=== Task goal ===
Leave out the pictures and output the data verbatim.

***** Information provided *****

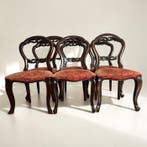 Eetkamerstoel (6) - Mahonie - Queen Anne eetkamerstoelen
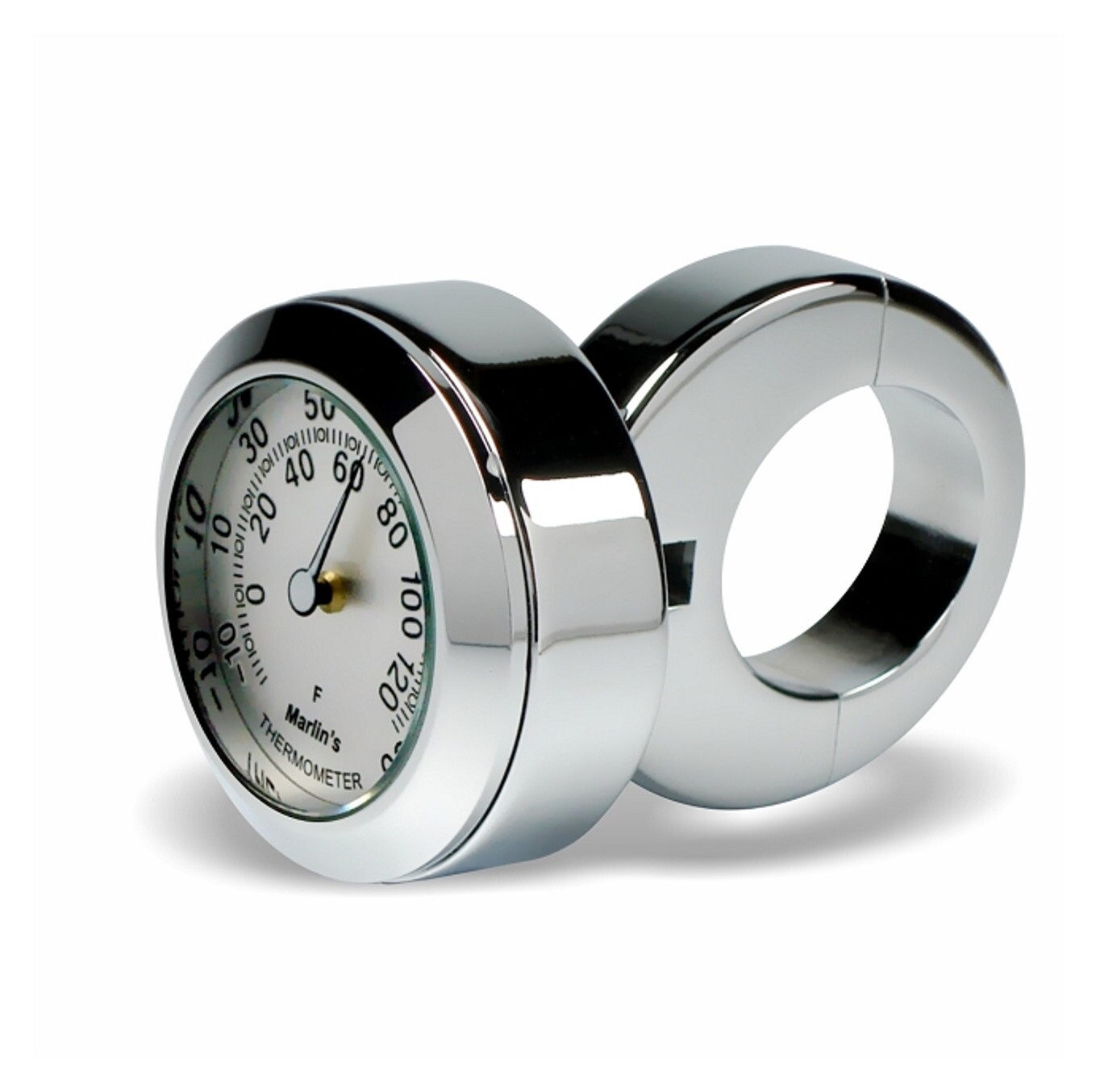 Marlin's Clock / Thermometer With Classic Adjustable Handlebar Mount Brushed Aluminum Thermometer (Fahrenheit Scale)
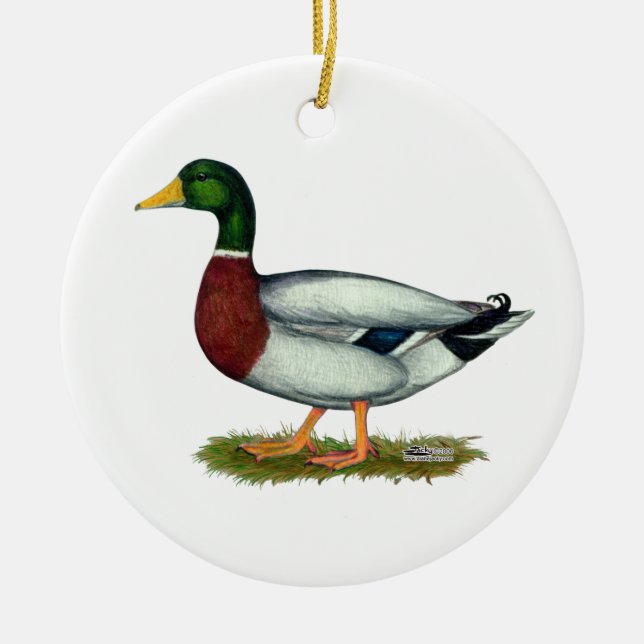 Mallard Duck Drake Keramik Ornament (Vorne)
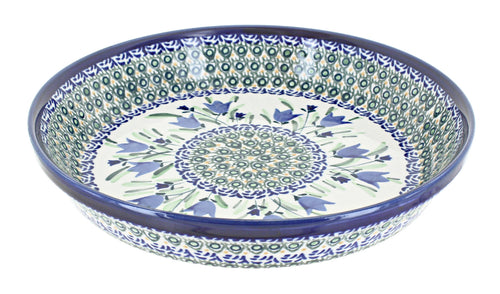 Polish Pottery Blue Tulip Pie Plate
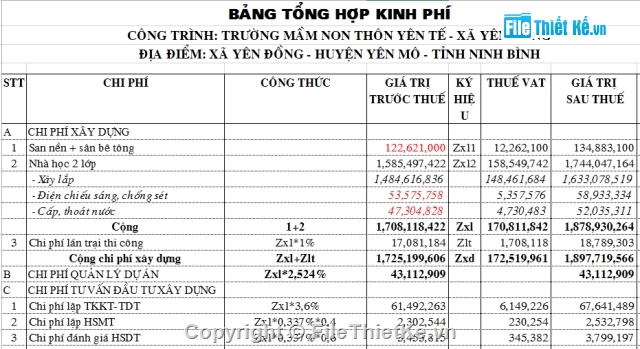 Bản vẽ dự toán nhà lớp học 2 phòng mầm non,Trường mầm non,nhà đầy đủ hạng mục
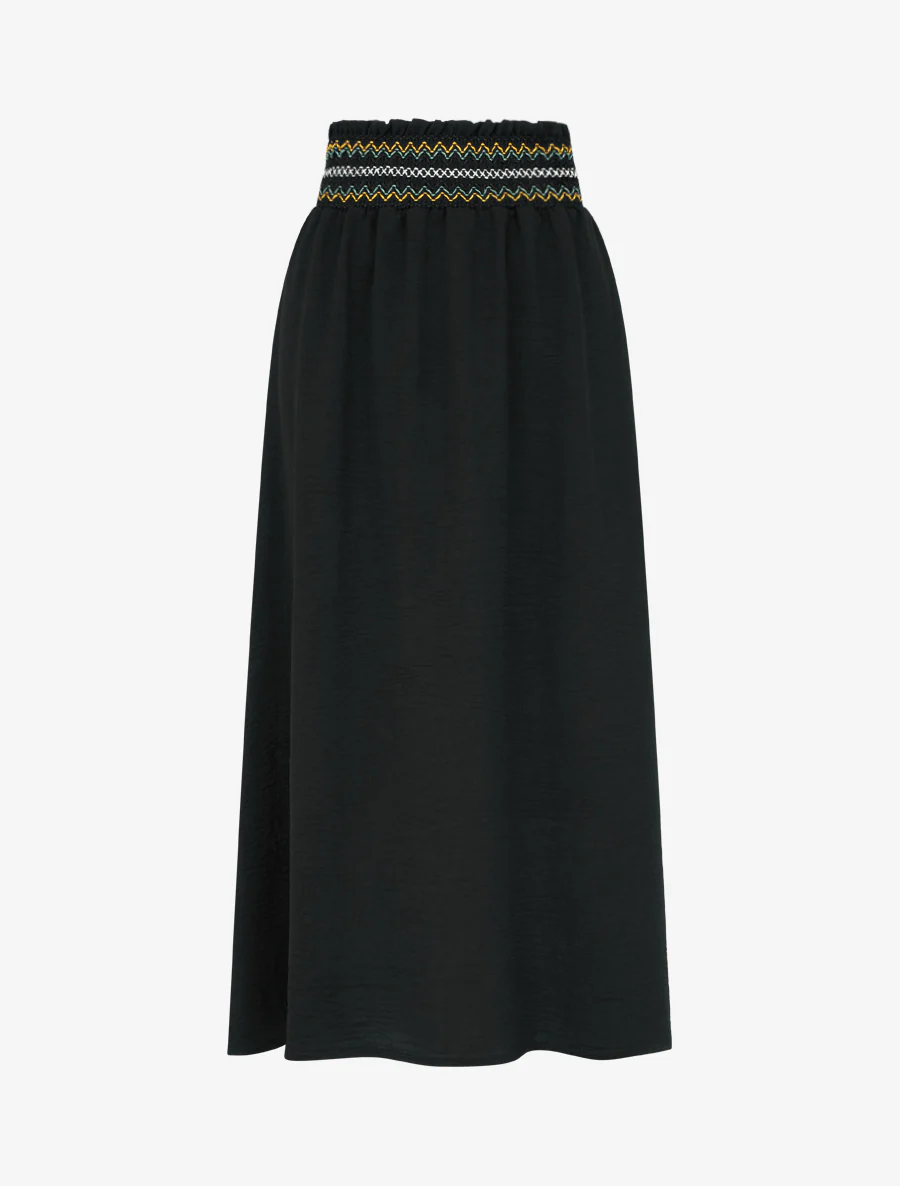 Lange uitlopende rok met elastische tailleband - Zwart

*****

=== Answer for this exercise ===
 Eetkamerstoel (6) - Mahonie - Queen Anne eetkamerstoelen
 Marlin's Clock / Thermometer With Classic Adjustable Handlebar Mount Brushed Aluminum Thermometer (Fahrenheit Scale)
 Mallard Duck Drake Keramik Ornament (Vorne)
 Polish Pottery Blue Tulip Pie Plate
 Bản vẽ dự toán nhà lớp học 2 phòng mầm non,Trường mầm non,nhà đầy đủ hạng mục
 Lange uitlopende rok met elastische tailleband - Zwart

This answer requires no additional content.